Frankly, I wouldn't give them the steam off my porridge. But we're giving Anglo Irish Bank a whole lot more than that. To be precise, the bank that Sean FitzPatrick built is getting four thousand million euro of taxpayers' money — and that's just this week. It's expected to rise to €7.5bn.

The air is alive with anguish and anger about the abuse of children. We're also in the midst of an election campaign. And, simultaneously, decisions are being made that will dump astonishing levels of debt onto our children, grievously limiting their lives. Decisions that apparently render the notion of democratic choice meaningless.


We have "no option" but to hand over the four thousand million to Anglo, says the Minister for Finance. No option. After all, it's not like we're a sovereign democratic state, is it?

There are all sorts of reasons why so many agents of the Catholic Church got away for so long with the wholesale physical and sexual abuse of children in their care — and we're not going into them here. There is one aspect that's relevant.
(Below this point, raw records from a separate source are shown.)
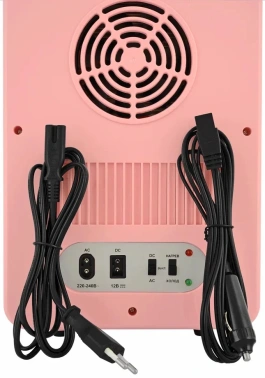 Холодильник Zugel ZCR060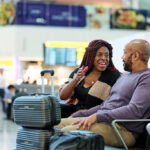 Heathrow Handles 23 Million Summer Passengers as More Than 40 Airlines Seek Slots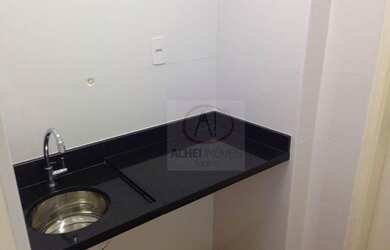 Imagem 14: Sala comercial, 78 m² - venda por R$ 320.000 ou aluguel por R$ 2.400/mês...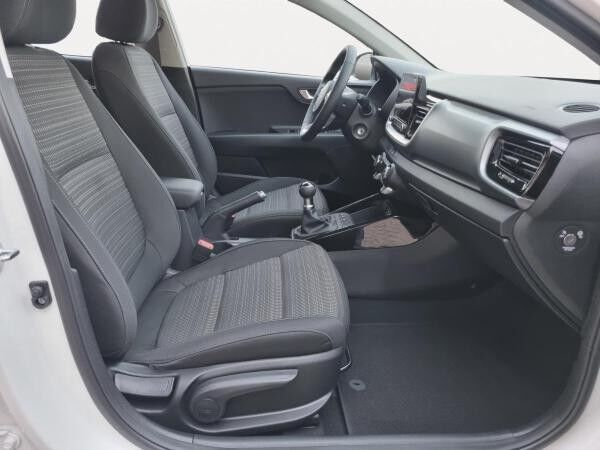 Kia Stonic 1.2 VISION | NAVI | SHZ | KAMERA |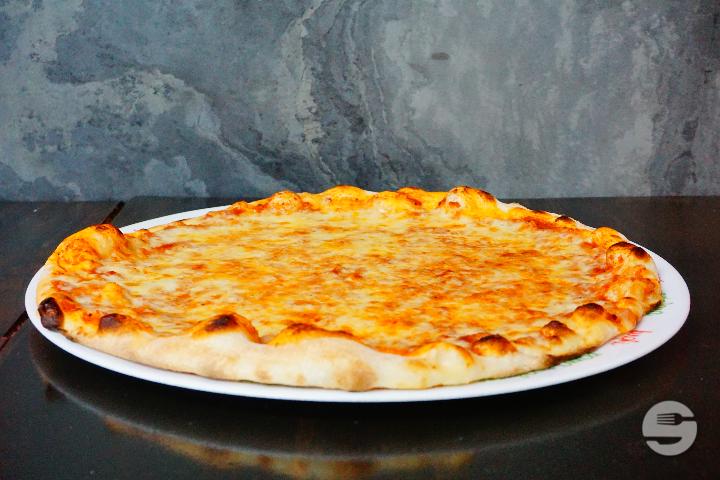 Pizza Margherita 32cm - Zizo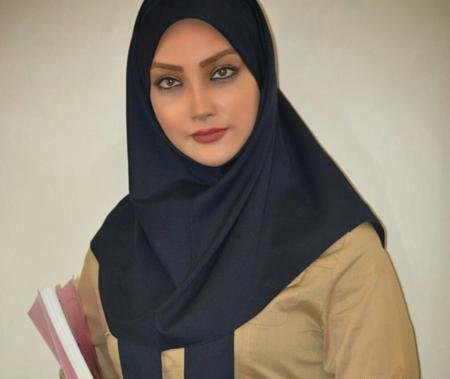 عکسهای مقنعه دانشجویی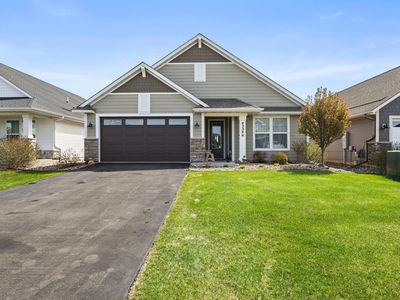 4338 Monarch Dr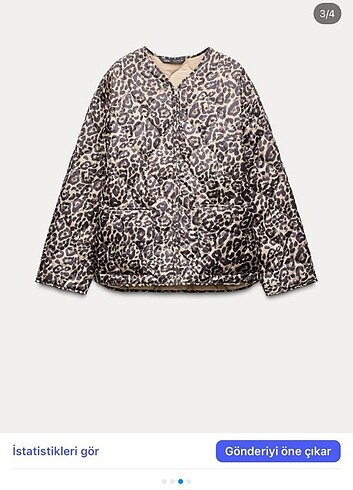 Zara mont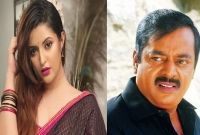  পরীমনিকে নিয়ে এবার মুখ খুললেন ডিপজল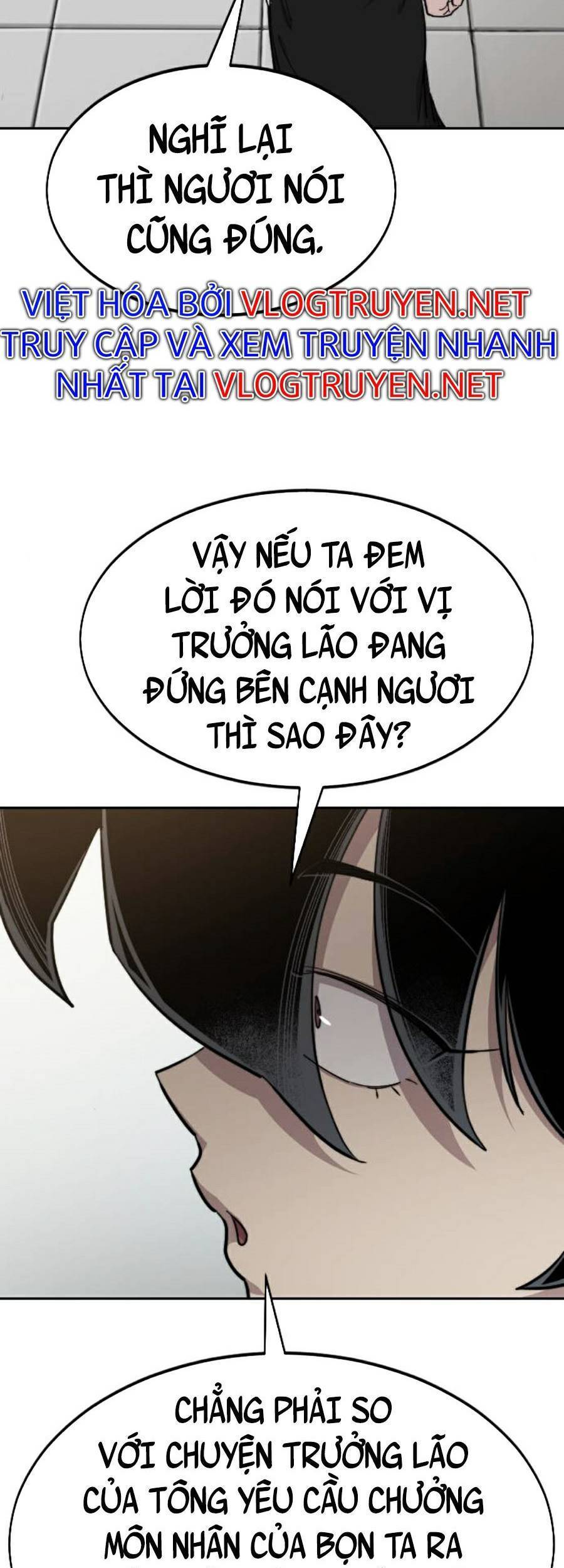 Hoa Sơn Tái Xuất | Hoa Sơn Tái Khởi: Chapter 54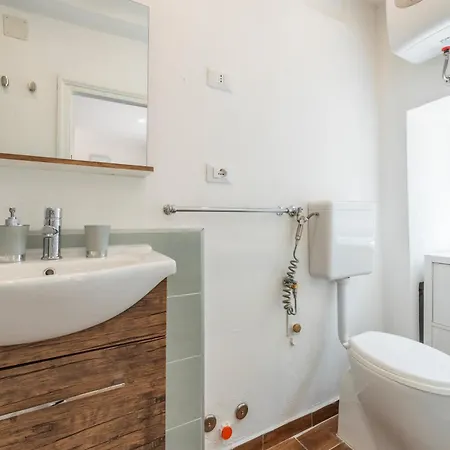 Nyaraló Casa Maqueda - *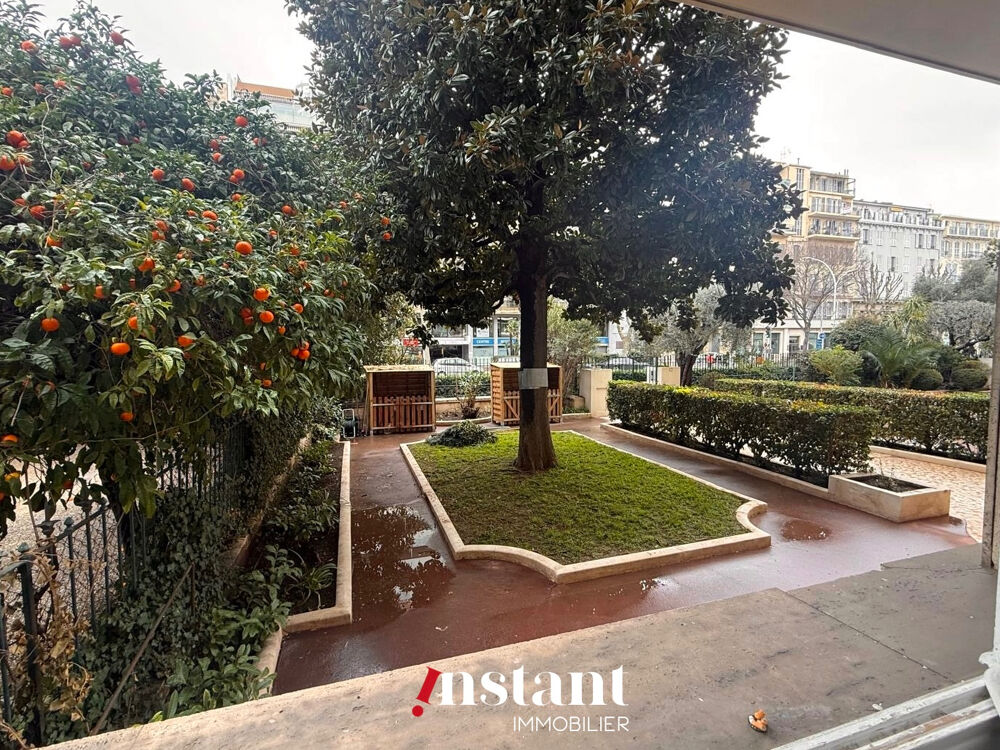   Bureaux de 70m2 - Nice Jean Medecin Nice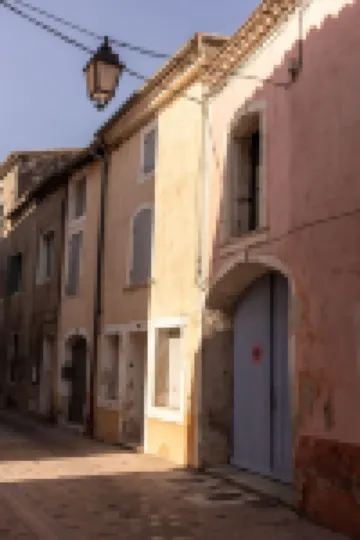 Le Prieuré Notre-Dame酒店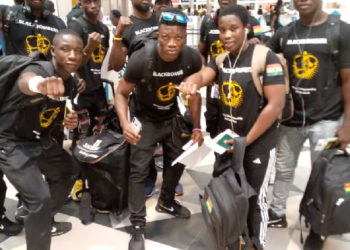 GBF, GAA Presidents commend Tokyo 2020 Olympic Games postponement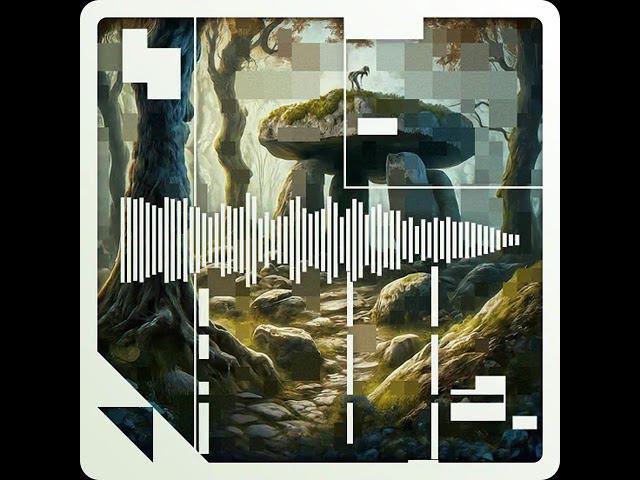 AI Generative Music: Celtic Rhapsody for Orchestra (Udio)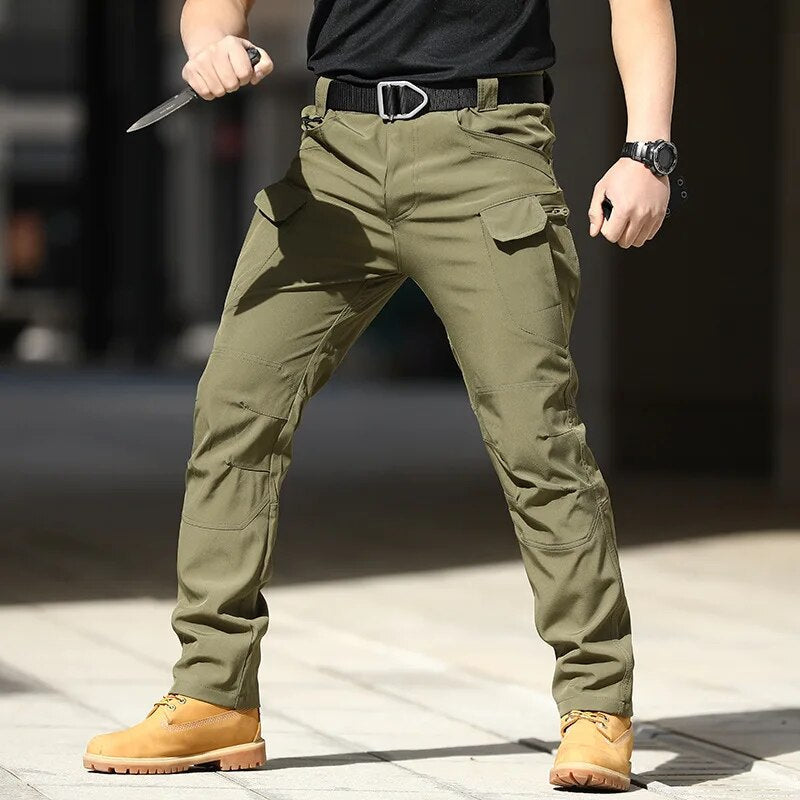 Lorenzo® | Classic And Fashionable   Trousers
The Ryan Report pointed out that the relationship of the State to the Catholic Church was deferential and submissive. But it was more than that. Those of us around in those days knew that some elements — the Catholic Church, the GAA and Gaelic speakers, for instance — were seen as more genuinely Irish than the rest of us. The interests of those people and the State coincided absolutely. To undermine any of them was to undermine the State itself.

The savage beatings of working class children were seen as necessary for discipline. The rapes — well, that was just the brother or the priest momentarily losing control of his fleshly desires. Unfortunate, but a mere human weakness. Move him on, keep it quiet — don't let it undermine the Church, the backbone of the State.

The same delusion was seen later, in a different guise. As Fianna Fail became increasingly successful, retaining office for lengthy stretches, it came to see itself as embodying the nation, as the Catholic church did for so long.

Many within Fianna Fail, people who themselves were not on the take, knew there was something dodgy about Charlie Haughey's ostentatious wealth. They knew that Liam Lawlor was a crook. They knew damn well what Frank Dunlop was up to as he hung around the council chamber, his pockets bulging with brown envelopes.

But Fianna Fail, as Haughey put it, embodied the "spirit of the nation". Individuals had their known weaknesses, but that must be denied, lest it damage the reputation of the party, and therefore the nation itself. And, anyway, the faithful figured that — given their greatness, and all they did for this country — maybe these guys were entitled to skim a little cream off the top.

And, let's be honest, too many people who now howl about the betrayal of children by the Catholic Church were always ready to leap to a servile defence of the bishops. That same public submissiveness allowed Haughey to evade the truth.

It was seamless, the transition of our deference from the Catholic Church to the Great Party, led by the Great Man of Kinsealy. And, later, the Great Man of Sterling Deposits.

And, in the heat of the economic boom, another set of elements allegedly came to embody the best of what we are.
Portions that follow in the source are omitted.